Angry Trump fumes after $83.3m damages ruling in
E Jean Carroll case
Former president calls verdict ‘absolutely ridiculous’
and accuses Biden of directing ‘witch-hunt’ against him and Republicans
Martin
Pengelly
@MartinPengelly
Fri 26 Jan
2024 18.23 EST
https://www.theguardian.com/us-news/2024/jan/26/trump-damages-e-jean-carroll-defamation-case
The $83.3m
verdict against Donald Trump in the defamation case brought by the writer E
Jean Carroll over her allegation of sexual assault was celebrated by opponents
of the former president, analysed by legal experts and excoriated by the
presumptive 2024 Republican White House nominee and his loyal supporters.
Trump
called the verdict “absolutely ridiculous” and claimed it was part of a Joe
“Biden-directed witch hunt” against “me and the Republican party”.
The new
damages verdict followed an award of about $10m against Trump last May, when
another New York jury found him liable for sexually abusing Carroll in a
department store changing room in the mid-1990s.
Immediately
after the verdict, Jon Cooper, a Democratic operative and activist, tweeted:
“$7.3m in compensatory damages, $11m to repair [Carroll’s] reputation, and $65m
in punitive damages. Trump is so screwed!!”
From his
plane, having left the courtroom as Carroll’s lawyers spoke, Trump wrote on his
Truth Social platform: “Absolutely ridiculous!

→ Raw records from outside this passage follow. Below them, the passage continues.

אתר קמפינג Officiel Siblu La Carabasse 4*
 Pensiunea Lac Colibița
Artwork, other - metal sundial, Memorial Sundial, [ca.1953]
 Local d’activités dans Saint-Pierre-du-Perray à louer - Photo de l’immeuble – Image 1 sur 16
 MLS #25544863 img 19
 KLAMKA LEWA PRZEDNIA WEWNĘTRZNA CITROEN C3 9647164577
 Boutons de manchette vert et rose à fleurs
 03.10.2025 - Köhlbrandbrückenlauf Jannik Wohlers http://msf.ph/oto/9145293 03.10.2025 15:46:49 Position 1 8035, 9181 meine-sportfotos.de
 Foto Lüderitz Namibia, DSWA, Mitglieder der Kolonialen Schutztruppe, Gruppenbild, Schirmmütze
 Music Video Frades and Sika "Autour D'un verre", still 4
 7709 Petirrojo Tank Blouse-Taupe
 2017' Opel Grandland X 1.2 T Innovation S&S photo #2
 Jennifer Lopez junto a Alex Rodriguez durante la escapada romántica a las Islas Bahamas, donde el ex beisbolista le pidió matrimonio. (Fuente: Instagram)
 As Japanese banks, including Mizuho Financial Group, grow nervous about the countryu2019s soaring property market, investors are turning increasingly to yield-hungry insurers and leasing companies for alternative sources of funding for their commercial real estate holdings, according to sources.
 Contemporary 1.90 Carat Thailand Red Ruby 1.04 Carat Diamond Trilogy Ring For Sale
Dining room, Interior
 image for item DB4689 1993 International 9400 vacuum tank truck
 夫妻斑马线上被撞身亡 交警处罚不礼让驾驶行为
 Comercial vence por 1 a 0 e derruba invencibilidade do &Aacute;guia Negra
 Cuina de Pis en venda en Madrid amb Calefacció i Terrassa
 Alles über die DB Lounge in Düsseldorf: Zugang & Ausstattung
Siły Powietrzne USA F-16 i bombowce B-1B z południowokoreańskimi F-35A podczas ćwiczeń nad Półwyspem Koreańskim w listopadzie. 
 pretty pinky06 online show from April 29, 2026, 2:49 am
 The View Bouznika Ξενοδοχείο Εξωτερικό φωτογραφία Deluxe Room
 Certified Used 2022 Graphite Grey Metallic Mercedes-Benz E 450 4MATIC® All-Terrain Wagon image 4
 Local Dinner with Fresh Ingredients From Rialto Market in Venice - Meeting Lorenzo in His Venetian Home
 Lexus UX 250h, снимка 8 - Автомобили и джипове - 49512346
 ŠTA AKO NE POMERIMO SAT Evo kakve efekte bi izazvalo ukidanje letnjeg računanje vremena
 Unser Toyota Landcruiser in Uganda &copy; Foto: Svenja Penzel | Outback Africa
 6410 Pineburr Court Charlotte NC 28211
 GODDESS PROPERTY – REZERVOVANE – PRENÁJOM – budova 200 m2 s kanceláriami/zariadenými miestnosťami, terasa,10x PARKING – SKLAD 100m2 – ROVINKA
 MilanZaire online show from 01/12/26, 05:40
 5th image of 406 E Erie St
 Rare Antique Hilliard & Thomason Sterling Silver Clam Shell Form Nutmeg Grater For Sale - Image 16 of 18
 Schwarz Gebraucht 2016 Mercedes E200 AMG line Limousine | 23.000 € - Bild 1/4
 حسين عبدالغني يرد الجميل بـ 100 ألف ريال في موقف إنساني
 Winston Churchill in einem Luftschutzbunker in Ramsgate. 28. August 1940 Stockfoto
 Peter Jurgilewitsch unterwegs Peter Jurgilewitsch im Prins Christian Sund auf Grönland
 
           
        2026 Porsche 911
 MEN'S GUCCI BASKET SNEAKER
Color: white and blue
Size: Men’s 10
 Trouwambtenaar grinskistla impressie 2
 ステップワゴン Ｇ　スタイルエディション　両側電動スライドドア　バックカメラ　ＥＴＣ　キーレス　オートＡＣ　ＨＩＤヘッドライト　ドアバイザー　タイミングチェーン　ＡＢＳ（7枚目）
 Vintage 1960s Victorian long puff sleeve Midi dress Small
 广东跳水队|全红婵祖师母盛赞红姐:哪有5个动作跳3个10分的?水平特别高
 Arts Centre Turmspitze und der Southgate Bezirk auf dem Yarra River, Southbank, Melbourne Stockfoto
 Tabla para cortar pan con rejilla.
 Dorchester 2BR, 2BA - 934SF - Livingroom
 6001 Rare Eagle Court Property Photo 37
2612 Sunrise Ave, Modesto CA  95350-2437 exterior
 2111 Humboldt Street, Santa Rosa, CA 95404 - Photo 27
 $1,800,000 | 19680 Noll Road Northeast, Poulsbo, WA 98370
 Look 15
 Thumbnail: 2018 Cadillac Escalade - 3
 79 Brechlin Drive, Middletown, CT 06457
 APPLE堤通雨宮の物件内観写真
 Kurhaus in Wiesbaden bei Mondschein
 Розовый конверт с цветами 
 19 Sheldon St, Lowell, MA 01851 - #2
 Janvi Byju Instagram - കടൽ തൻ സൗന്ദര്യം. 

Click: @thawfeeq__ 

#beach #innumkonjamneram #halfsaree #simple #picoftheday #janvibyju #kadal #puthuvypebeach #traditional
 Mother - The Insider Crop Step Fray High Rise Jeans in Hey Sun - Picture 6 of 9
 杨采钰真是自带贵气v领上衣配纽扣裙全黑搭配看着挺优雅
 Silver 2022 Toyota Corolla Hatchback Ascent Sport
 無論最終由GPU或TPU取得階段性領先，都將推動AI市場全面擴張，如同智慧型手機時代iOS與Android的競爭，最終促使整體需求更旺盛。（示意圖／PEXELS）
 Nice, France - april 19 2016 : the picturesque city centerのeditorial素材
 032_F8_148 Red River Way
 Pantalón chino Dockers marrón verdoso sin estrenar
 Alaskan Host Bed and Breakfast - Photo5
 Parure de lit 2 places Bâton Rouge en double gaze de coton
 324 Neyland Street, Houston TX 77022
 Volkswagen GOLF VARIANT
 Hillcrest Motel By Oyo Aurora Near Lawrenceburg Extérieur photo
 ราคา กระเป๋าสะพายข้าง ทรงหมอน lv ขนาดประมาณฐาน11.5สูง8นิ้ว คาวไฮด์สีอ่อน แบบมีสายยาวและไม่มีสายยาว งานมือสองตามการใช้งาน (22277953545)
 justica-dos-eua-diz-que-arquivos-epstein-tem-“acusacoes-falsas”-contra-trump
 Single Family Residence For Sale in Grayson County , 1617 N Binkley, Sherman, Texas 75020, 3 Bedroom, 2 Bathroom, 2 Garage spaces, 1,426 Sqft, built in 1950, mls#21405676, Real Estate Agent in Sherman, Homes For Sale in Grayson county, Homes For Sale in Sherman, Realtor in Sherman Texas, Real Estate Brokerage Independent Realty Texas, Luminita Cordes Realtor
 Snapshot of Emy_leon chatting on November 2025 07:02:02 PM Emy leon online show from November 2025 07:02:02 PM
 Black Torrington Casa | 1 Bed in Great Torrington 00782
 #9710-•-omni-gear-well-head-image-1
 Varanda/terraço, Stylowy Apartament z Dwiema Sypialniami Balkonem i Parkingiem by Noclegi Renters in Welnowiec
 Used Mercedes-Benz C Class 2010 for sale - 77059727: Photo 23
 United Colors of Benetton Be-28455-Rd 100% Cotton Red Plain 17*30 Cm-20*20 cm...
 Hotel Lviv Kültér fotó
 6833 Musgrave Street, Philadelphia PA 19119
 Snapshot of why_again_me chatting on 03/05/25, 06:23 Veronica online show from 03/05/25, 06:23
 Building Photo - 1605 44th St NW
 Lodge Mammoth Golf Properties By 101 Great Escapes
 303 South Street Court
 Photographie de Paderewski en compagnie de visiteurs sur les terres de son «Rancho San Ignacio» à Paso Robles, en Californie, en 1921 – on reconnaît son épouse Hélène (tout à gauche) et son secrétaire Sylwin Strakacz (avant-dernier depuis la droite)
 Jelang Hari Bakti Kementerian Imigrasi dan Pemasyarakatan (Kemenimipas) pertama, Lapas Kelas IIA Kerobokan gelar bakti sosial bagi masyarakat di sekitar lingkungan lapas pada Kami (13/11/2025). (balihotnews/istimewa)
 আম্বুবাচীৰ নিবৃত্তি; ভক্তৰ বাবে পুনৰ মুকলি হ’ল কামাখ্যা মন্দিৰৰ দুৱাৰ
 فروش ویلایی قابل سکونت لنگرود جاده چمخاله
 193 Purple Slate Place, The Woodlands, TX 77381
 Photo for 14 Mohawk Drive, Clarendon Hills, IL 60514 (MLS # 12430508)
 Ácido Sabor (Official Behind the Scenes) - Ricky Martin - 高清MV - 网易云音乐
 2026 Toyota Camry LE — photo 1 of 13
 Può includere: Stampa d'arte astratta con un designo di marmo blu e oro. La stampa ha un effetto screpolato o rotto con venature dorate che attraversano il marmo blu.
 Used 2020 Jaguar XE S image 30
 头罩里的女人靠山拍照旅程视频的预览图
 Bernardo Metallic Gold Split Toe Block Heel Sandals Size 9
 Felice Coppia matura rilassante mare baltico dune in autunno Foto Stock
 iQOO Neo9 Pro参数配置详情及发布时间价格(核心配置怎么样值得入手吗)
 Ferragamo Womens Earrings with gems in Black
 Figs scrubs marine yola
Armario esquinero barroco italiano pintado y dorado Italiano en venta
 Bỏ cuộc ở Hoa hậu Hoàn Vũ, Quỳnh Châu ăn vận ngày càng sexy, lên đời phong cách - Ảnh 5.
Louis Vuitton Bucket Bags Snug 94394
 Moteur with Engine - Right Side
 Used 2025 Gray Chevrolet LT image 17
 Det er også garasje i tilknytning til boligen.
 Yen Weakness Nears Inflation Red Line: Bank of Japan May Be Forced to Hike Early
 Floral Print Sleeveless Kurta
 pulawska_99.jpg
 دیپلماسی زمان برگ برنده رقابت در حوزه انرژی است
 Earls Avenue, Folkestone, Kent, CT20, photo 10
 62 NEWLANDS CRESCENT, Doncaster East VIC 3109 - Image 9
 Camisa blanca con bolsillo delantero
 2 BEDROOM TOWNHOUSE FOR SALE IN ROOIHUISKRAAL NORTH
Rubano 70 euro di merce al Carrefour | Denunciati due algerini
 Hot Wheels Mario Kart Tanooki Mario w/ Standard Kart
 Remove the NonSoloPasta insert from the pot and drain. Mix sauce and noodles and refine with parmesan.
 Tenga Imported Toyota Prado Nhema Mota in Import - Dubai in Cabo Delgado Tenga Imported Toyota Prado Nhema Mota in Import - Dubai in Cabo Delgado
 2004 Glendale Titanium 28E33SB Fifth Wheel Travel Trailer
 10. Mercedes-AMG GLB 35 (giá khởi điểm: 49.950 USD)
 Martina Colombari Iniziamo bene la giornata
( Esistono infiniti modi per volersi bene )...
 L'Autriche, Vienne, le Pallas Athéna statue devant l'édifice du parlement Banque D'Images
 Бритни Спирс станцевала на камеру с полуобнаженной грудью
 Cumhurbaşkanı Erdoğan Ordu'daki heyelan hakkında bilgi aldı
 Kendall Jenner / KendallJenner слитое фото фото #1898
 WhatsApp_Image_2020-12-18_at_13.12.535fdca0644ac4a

I fully disagree with both
verdicts and will be appealing this whole Biden-directed witch hunt focused on
me and the Republican party. Our legal system is out of control and being used
as a political weapon. They have taken away all first amendment rights. THIS IS
NOT AMERICA!”
The
president has nothing to do with the Carroll case, which is one of a number
involving Trump as he runs to return to the Oval Office.
Trump also
faces 91 criminal charges over election subversion, retention of classified
information and hush money payments; civil suits over his business affairs; and
attempts to remove him from the ballot for inciting an insurrection with his
supporters’ January 6 attack on Congress.
Regardless,
he dominates the Republican party and its presidential primary.
Outside
court, Carroll did not comment, simply smiling as her lawyers accompanied her
to a waiting car.
Trump’s
attorney, Alina Habba, protested angrily, saying: “I’m not having any second
thoughts about representing President Trump. It is the proudest thing I could
ever do. What I’m having second thoughts about is the [law] license that I
stand here with, that the people in there are supposed to have.”
Habba, who
was warned by the judge over her behaviour in court, bemoaned a supposed
“violation of our justice system” and made unsupported accusations about
malpractice and bias.
Among
Trump’s allies in Congress, the far-right Florida representative Matt Gaetz
complained: “A country where you cannot deny a fantastical, false allegation is
not a free country.”
But among
Trump’s many opponents, schadenfreude was in ample supply.
Rick
Wilson, a former Republican operative turned co-founder of the anti-Trump
Lincoln Project, pondered the effect of the verdict on the billionaire former
president’s increasingly battered finances – but also his success in raising
money from his political supporters.
“Donald
Trump’s gonna need to sell some more hats,” Wilson wrote.
Trump won
Republican presidential nominating contests in Iowa and New Hampshire this
month and has been pressuring his last remaining rival, the former South
Carolina governor Nikki Haley, to drop out before the primary reaches her
state.
New York
University law professor Ryan Goodman considered what the new verdict in the
Carroll case might mean for Trump’s political fortunes.
“So far
Trump has defied gravity,” Goodman wrote, “… but for how much longer? Social
science research suggests a politician will pay a heavy price with voters for
sexual assault. Major $83m verdict amplifies that prospect.”
Even on Fox
News, a rightwing network generally supportive of the former president, John
Yoo, a former deputy assistant attorney general, saw nothing but bad news.
“The whole
point of these unprecedented damages is to tell Donald Trump to shut up,” Yoo
said. “You could think of it this way: every time Donald Trump wants to insult
[E] Jean Carroll, he’s gonna have to write a $40m check for each sentence.
That’s how bad this is.
“I can’t
believe his lawyers haven’t succeeded in just telling him, ‘Campaign for
president, run for president, make your accusations about a two-tiered justice
system. But leave this alone.’”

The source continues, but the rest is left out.